Patients called to report drug side effects

If patients suspect that symptoms such as headache, nausea, dizziness, or even severe symptoms result from taking a medication, they should report the suspicion. Such reports can make an important contribution to drug safety.

Patients should report side effects

Medicines are actually used to heal people or alleviate their suffering. But drug therapy often comes with side effects and side effects, in some cases only years later. Quite often, such undesirable side effects occur when using antibiotics. But this problem also exists with over-the-counter medications. In a joint campaign, all European pharmaceutical authorities are now asking patients to report suspected side effects more often.

Important contribution to drug safety

As the Federal Institute for Drugs and Medical Devices (BfArM) reports, the focus is primarily on reports of side effects that have occurred after taking over-the-counter medicines.

Because even with these so-called OTC products, side effects can occur, the reporting of which represent an important contribution to drug safety. OTC is the abbreviation of the English term "over the counter" and literally means "over the counter".

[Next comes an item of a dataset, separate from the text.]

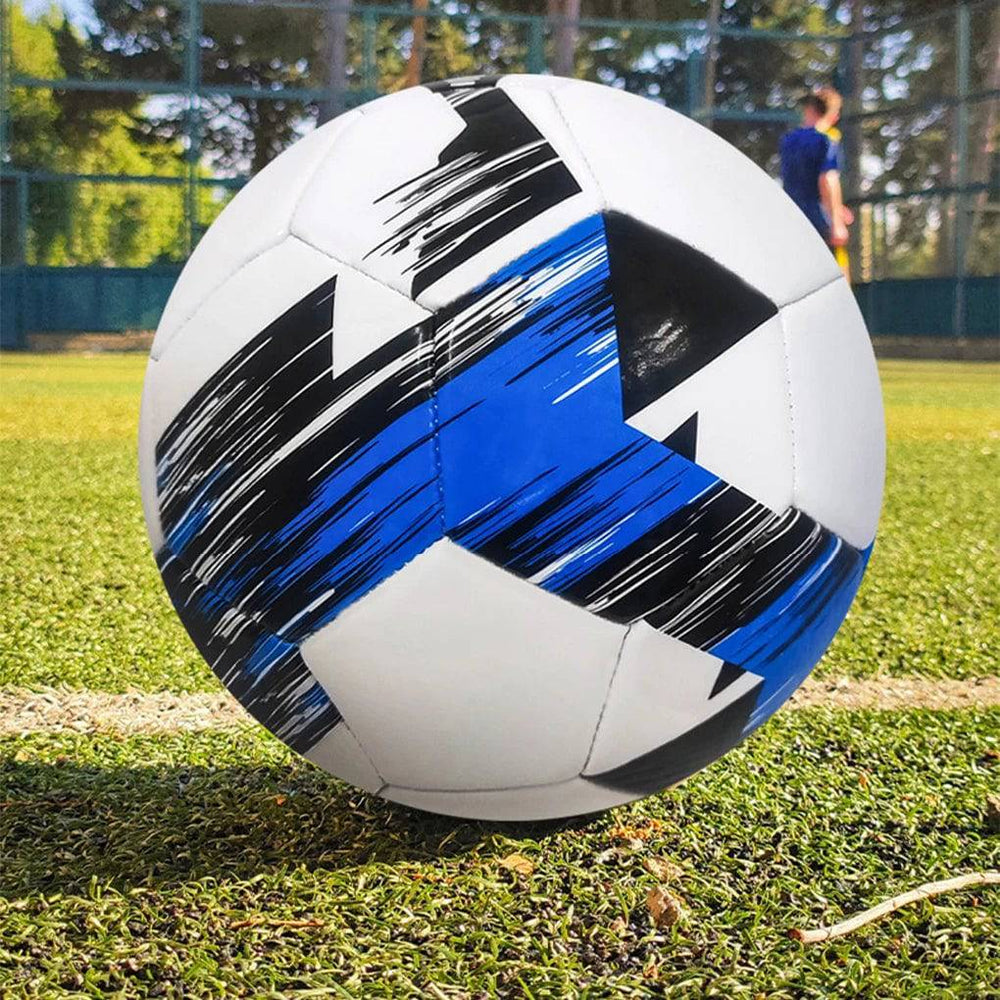 
                  
                    Professional Football Soccer Balls Official Size 5 PVC Machine-stitched Football Ballon De Foot Outdoor Match Game Football Trai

The term refers to all non-prescription products and medicines for self-treatment.

Detect risk signals as early as possible

Pharmaceutical companies as well as doctors and pharmacists or their drug commissions are obliged to report undesirable drug effects, the so-called side effects, via their respective professional regulations.

These reports are important in order to identify drug risks as quickly as possible, because the authorities rely on reliable data and risk signals from practice.

From the plethora of reported symptoms, they filter out those that may be a first signal for a previously unknown side effect.

"Whether after taking prescription or over-the-counter medicines: In both cases it is important that as many suspected cases of side effects as possible are reported," said Prof. Dr. Karl Broich, President of the BfArM.

"This helps the pharmaceutical authorities to recognize risk signals as early as possible and then take effective measures to protect patients if necessary."

Notification does not replace a visit to the doctor

Experience has shown that not all suspected cases are reported. The reasons for this are diverse.

For example, patients do not inform their doctor about every observation, or the connection between a reaction or a symptom and the drug is not established because, for example, the symptoms are assigned to an underlying disease.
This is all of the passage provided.